A faithful, picture-free copy of the listing below is required.

Material provided:

────

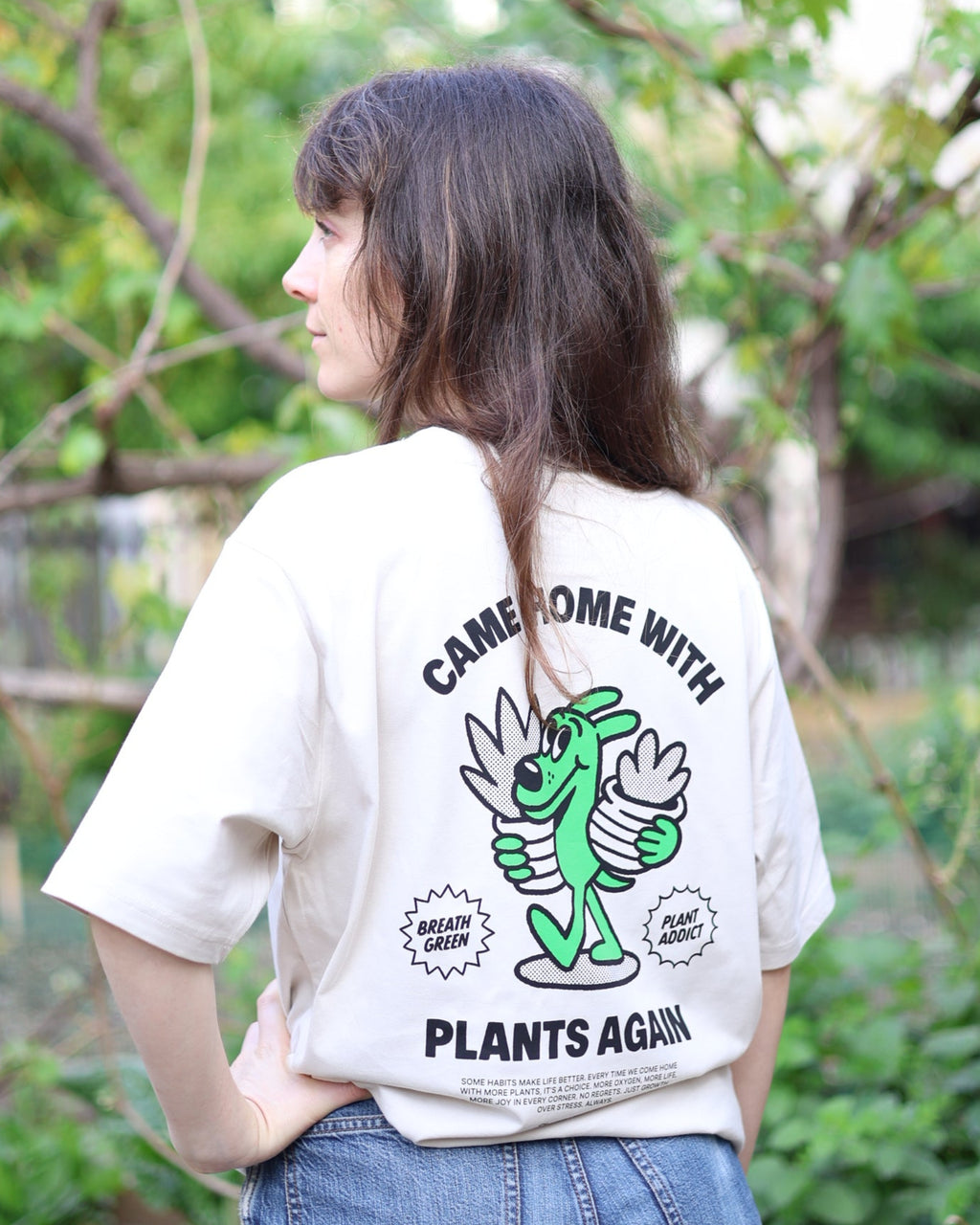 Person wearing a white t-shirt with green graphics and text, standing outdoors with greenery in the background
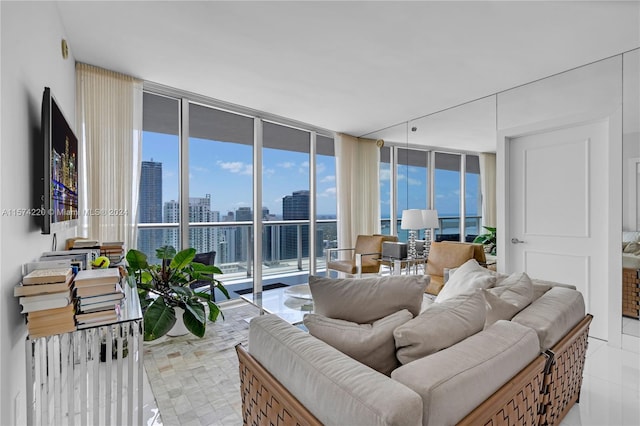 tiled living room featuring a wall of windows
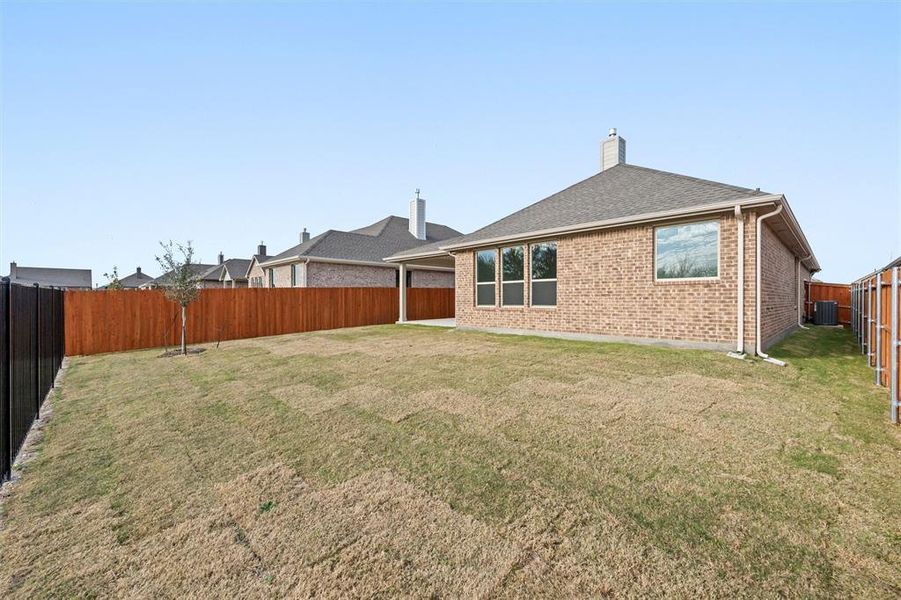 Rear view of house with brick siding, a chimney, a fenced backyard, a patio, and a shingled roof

────

Exercise answer:
 Person wearing a white t-shirt with green graphics and text, standing outdoors with greenery in the background
 tiled living room featuring a wall of windows
 Rear view of house with brick siding, a chimney, a fenced backyard, a patio, and a shingled roof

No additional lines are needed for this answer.